# Favorite Sandwich



## Jim (Mar 20, 2008)

This diet has me dreaming of food (submarines, Subs, Hoagies...That should cover you all) What is your favorite go to "Sub" when you hit the local sandwich shop?

Mine would have to be a Steak and cheese (American cheese) with a very light coat of mayo. 

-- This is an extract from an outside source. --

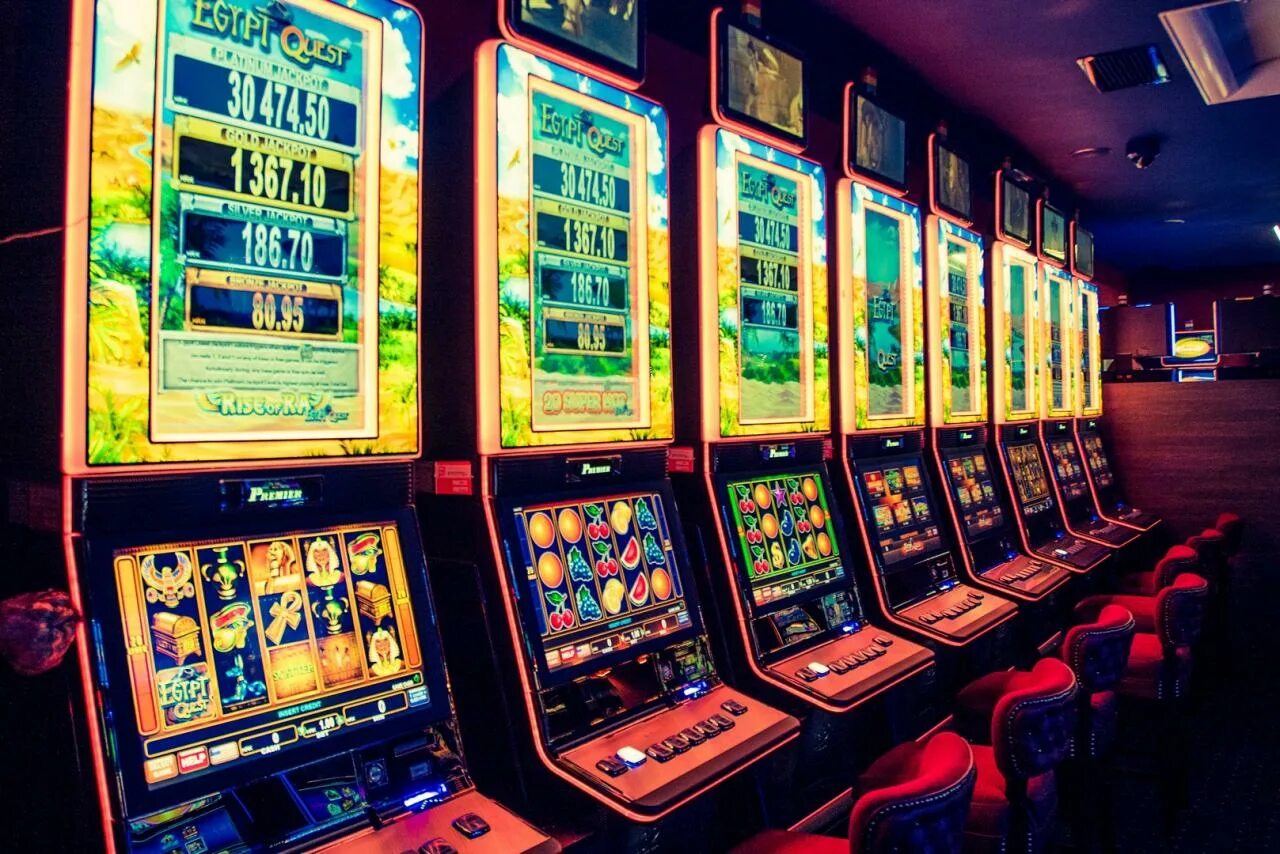 Игровые автоматы которые дают 50000 кредитов. Игровые автоматы Babooshka Atronic. Игровые автоматы Голден Стар. Автомат казино. Игровой автомат казино.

Now im drooling over my keyboard...It's been to long.


Second:
I also like Italian subs with everything including hot peppers and oil.


Ok back to my oatmeal


----------



## Bubba (Mar 20, 2008)

Steak in cheese is up there. I also like the roasted chicken from Subway on wheat. Come to think of it, I believe thats what i'll have for lunch today.


----------



## Captain Ahab (Mar 20, 2008)

Provolone Cheese Steak Hogie 

A good Gyro is a close second


----------



## BassAddict (Mar 20, 2008)

The Atlantic city regular with hot peppers on the side!!!!!! You guys can order them online from https://atlanticcitysubshops.com/ Try em you wont be dissapointed!!!!!!!!!!!!!!!!!!!!!!!!!!!


----------



## Jim (Mar 20, 2008)

esquired said:


> A good Gyro is a close second





Man this is going to be a bad topic!


----------



## slim357 (Mar 20, 2008)

When i was at school i would order sandwichs from a place called "are U hungry" (which is also how the answered the phones kinda got on my nerves after a while) They made all types of "fat" sandwichs my fav was the fat mojo which was 2 cheese burgers, 1 mozzarella stick, chicken fingers, bacon, egg, mayo, ketchup (i dont eat mayo so id have em hold that) another I liked was the "fat bitch" (sorry about the lang but that was its name) which was Cheese steak, chicken fingers, 2 mozzarella sticks, mayo, ketchup


----------



## G3_Guy (Mar 20, 2008)

The meatball sub from Firehouse! :shock:


----------



## Waterwings (Mar 20, 2008)

From Subway:

Coldcut Trio, with banana peppers, black olives, green peppers, maybe lettuce, tomatos, just a little mayo. Sweet tea to wash it down.


----------



## little anth (Mar 20, 2008)

philly cheese steak is my fav i love em


----------



## redbug (Mar 20, 2008)

A roast prok italinio from lenny's in conshy. yum yum yum

Wayne


----------



## whj812 (Mar 20, 2008)

My Favorite sandwich has to be a Cuban!!!! When I lived in Florida, there was this little meat market in Tampa we would always go and get them.........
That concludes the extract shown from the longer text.